* _Extracted information_:
++++++++++++++++++++

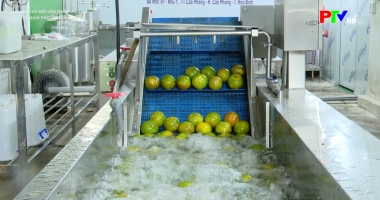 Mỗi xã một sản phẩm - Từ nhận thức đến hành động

++++++++++++++++++++

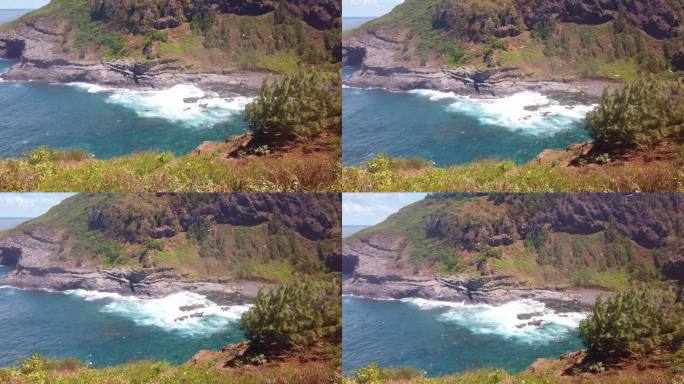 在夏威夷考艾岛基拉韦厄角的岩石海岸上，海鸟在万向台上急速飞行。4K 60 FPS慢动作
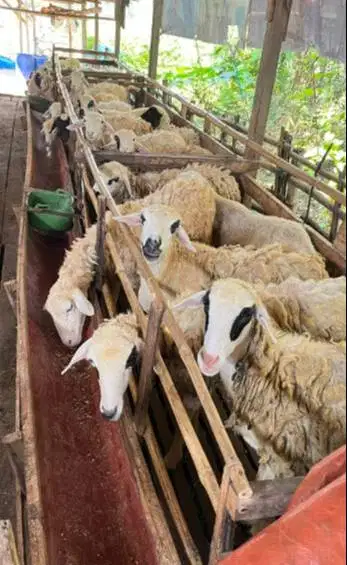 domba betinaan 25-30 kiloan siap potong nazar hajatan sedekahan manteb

++++++++++++++++++++

* _What you will do_: In the records above, find the line with "在夏威夷考艾岛基拉韦厄角的岩石海岸上，海鸟在万向台上急速飞行。4K 60 FPS慢动作". Print exactly from there through the line with "domba betinaan 25-30", minus the pictures.

* _Exercise output_:
 在夏威夷考艾岛基拉韦厄角的岩石海岸上，海鸟在万向台上急速飞行。4K 60 FPS慢动作
 domba betinaan 25-30 kiloan siap potong nazar hajatan sedekahan manteb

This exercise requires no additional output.